EURUSD extended its recovery on Monday, edging back to around 1.16 as the softer dollar and brighter risk tone did the heavy lifting, before dipping back late in the session, prompted by a dollar reversal. The domestic calendar is bare today, with only ZEW survey numbers due, so the single currency stays a function of the dollar leg and the Middle East narrative into tomorrow's Fed. The medium-term case is constructive: a signed deal that reopens Hormuz would ease the bloc's punishing terms-of-trade squeeze and argue for euro outperformance in time. For now, though, with the fighting still live and the agreement unsigned, we expect EURUSD to consolidate within a 1.15–1.16 range, with direction handed to Chair Warsh on Wednesday.

GBP

Sterling tracked the global risk rally early on Monday, with cable firming back toward the mid-1.34s as the dollar softened, before retracing overnight.
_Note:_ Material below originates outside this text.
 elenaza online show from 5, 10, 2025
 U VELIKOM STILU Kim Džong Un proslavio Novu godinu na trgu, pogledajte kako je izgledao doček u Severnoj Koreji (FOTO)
As we have argued previously, however, the pound is not pricing the political risk we see building, leaving sterling scanning as overvalued at present. The government remains in disarray after last week's resignations of Defence Secretary John Healey, and focus now shifts to Thursday's Makerfield by-election, where Greater Manchester mayor Andy Burnham is strongly favoured to win. This, we think, helps explain the pound’s underperformance on crosses yesterday, with GBPEUR slipping several tenths despite the lack of an obvious catalyst. And that is all before considering a Bank Rate decision later this week, too. With the BoE and the by-election landing the same day, and May CPI in between, we continue to think the risks to sterling are skewed to the downside.

CAD

The loonie's tug-of-war continued on Monday, ultimately ending in a stalemate, with neither risk conditions nor oil prices able to durably dictate direction. With the domestic calendar empty and the next BoC meeting not until 15 July, external forces remain firmly in charge. The near-term path hinges on the US-Iran deal: a credible reopening would likely take USDCAD lower, albeit with loonie upside limited by lower oil, whereas any unravelling would revive the safe-haven dollar and put a sustained move above 1.40 back in view. With markets also braced for a hawkish hold from the Fed tomorrow, we doubt the loonie can extend yesterday's gains - we look for USDCAD to continue flirting with 1.40 until a credible peace deal is agreed.